The Australian Council for International Development’s chief, Marc Purcell, said he had never seen a letter like it.
“The latest information that we have is that the Government of Indonesia had offers of humanitarian assistance from 29 countries and a 102 international NGO’s … not just from Australia but from a total of 17 countries, so it quickly becomes a really big logistical exercise for a government,” he said.
Mr Purcell said Australia should respect the country’s decision.
A few foreign aid workers have been in the disaster zone, including some searching for survivors in the ruins of collapsed buildings in Palu, 1,500 kilometres north-east of the capital, Jakarta. A German group brought in a water-purification system.
‘There are political sensitivities … an election coming up’
As well as being concerned to show it can manage disasters on its own, Indonesian governments are wary of being too open to outside help because they could face criticism from political opponents.
There is particular resistance to the presence of foreign military personnel as it could be seen as an infringement of sovereignty.
“There are political sensitivities, especially with an election coming up, and sovereignty is another issue,” said Keith Loveard, senior analyst with advisory and risk firm Concord Consulting, referring to polls due in Muslim-majority Indonesia next year.

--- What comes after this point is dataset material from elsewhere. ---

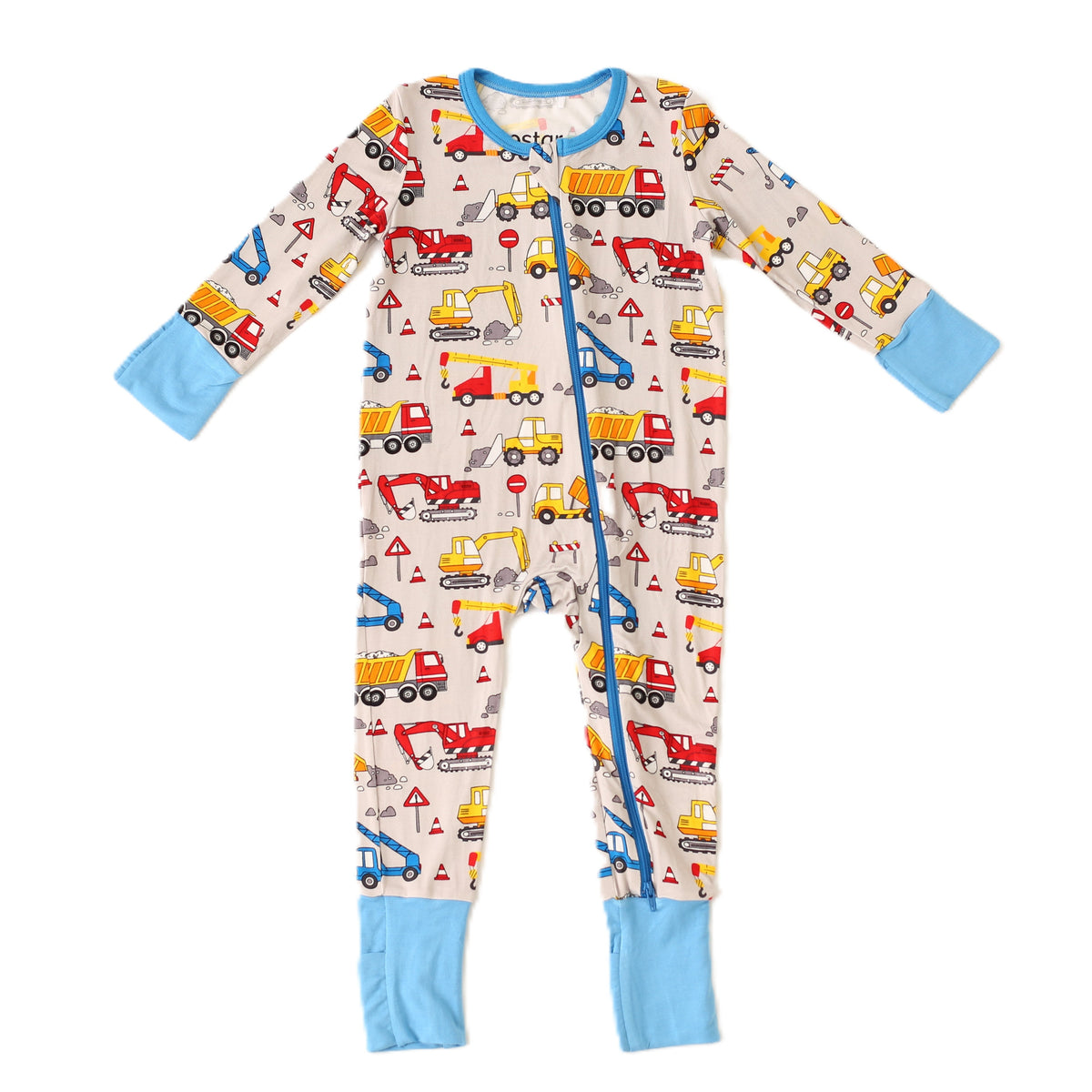 Baby coverall with builders print, long sleeves, convertible feet and a full-length two-way zipper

Many countries regulate the activity of foreign aid groups but restrictions are sometimes set aside after major disasters.
Many of the displaced in Sulawesi are living in basic shelters in Palu and surrounding hills.
A plan to relocate communities is being drawn up, the agency said.
The Government has allocated 560 billion rupiah ($51.9 million) for quake relief and has said some 20 countries have offered help.
In 2004, a quake off Sumatra island triggered a tsunami across the Indian Ocean that killed 226,000 people in 13 countries, including more than 120,000 in Indonesia.
Foreign governments and aid groups played a big role in the emergency response and recovery efforts in 2004.